TO DO |
Leave out the pictures and restate exactly, and only, the lines from the one that contains "Christkönig-Statue bei Nacht, 2010–2022" through the final line of the material below.

DATA EXCERPT |
Segment Open
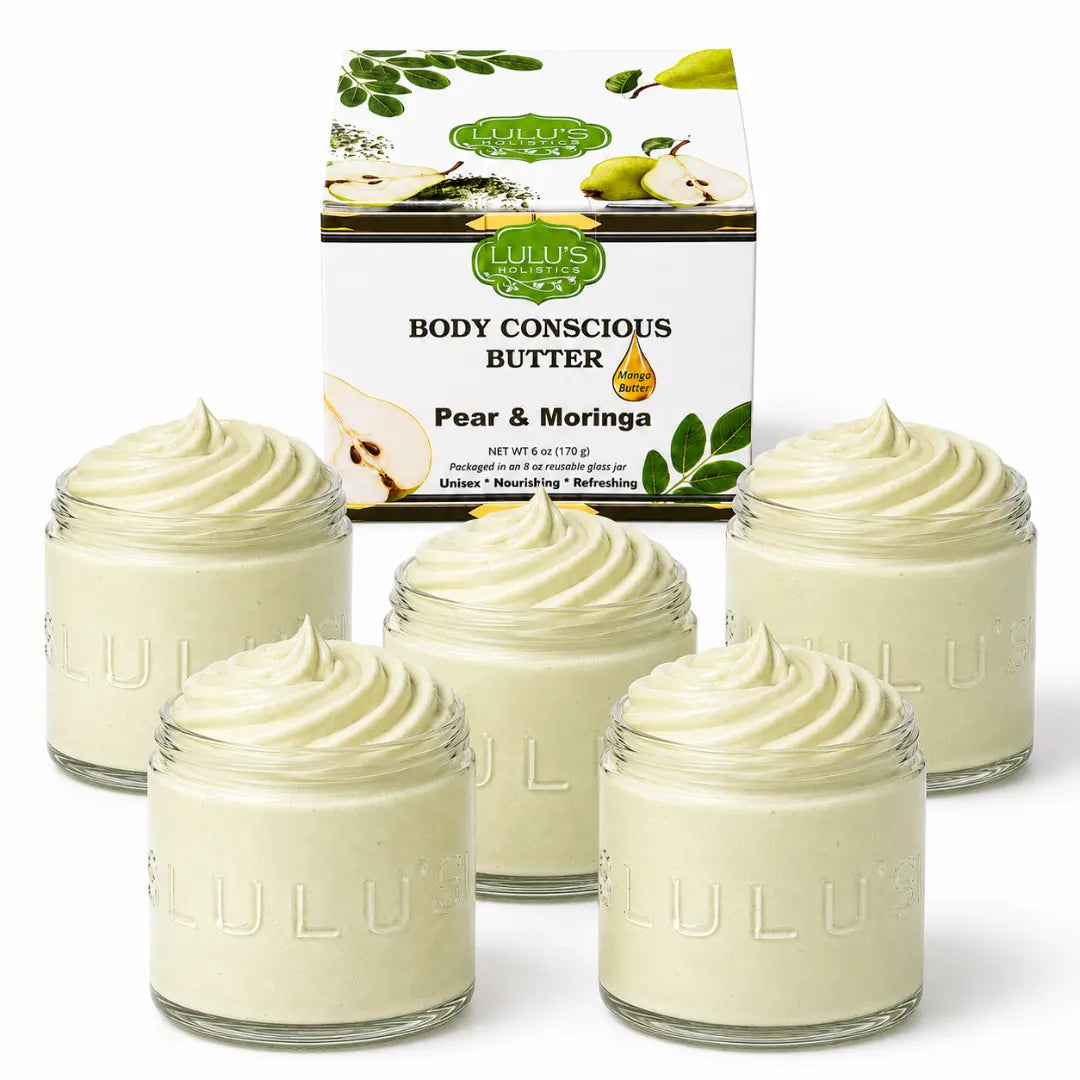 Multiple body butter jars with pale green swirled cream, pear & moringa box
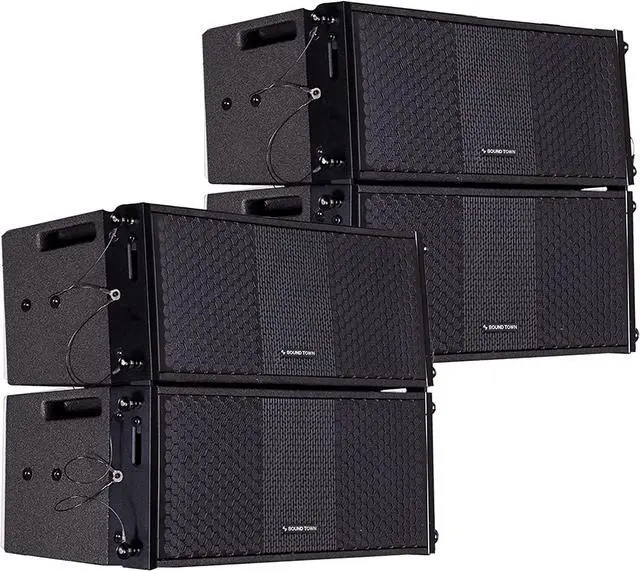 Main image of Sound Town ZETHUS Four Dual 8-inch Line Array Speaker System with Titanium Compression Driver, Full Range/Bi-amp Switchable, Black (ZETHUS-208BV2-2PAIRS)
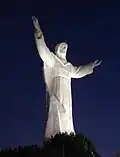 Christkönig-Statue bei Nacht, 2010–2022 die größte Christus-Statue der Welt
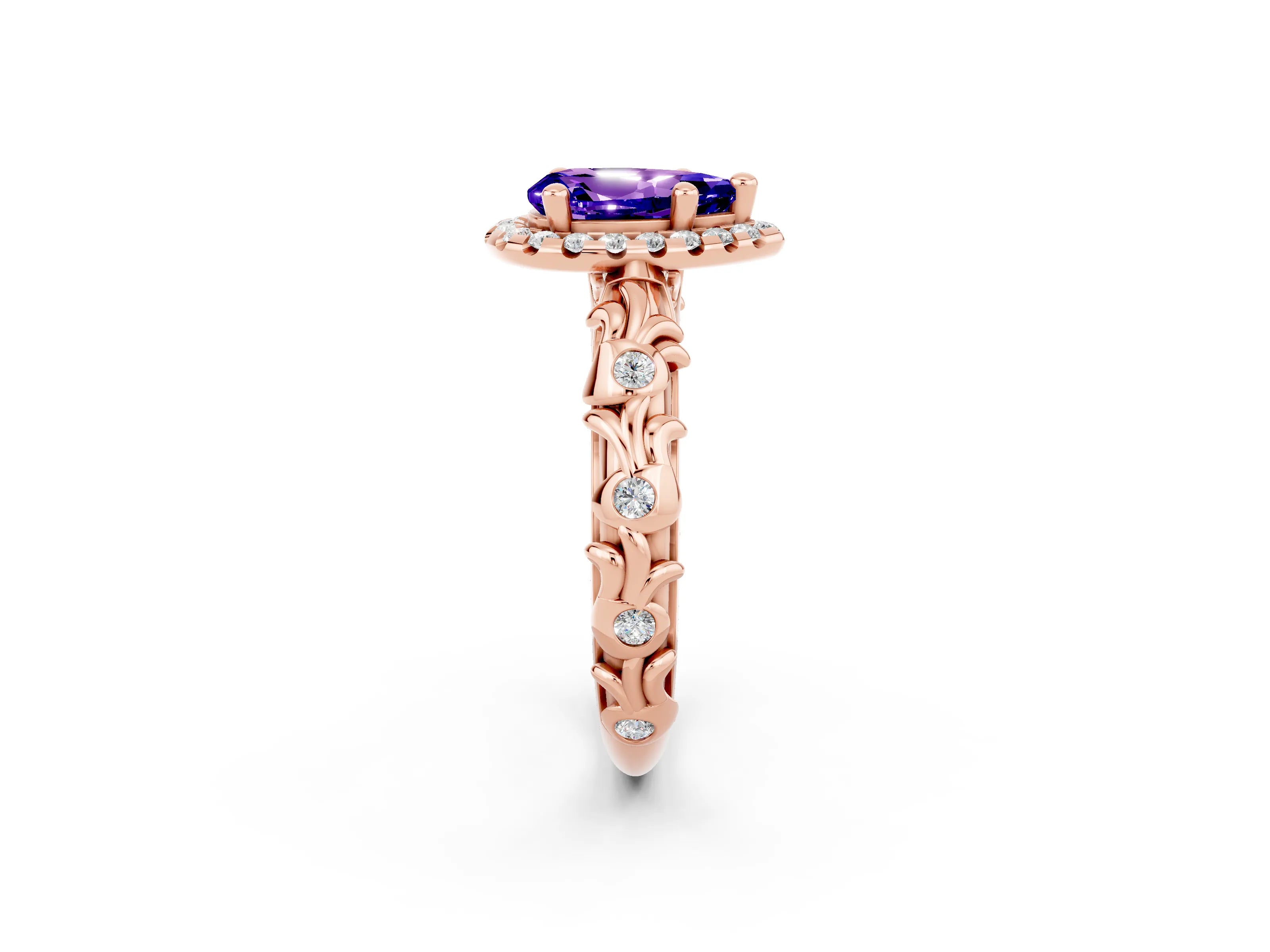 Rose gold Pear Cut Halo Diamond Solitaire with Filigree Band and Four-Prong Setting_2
Segment Closed
ANSWER BOX |
 Christkönig-Statue bei Nacht, 2010–2022 die größte Christus-Statue der Welt
 Rose gold Pear Cut Halo Diamond Solitaire with Filigree Band and Four-Prong Setting_2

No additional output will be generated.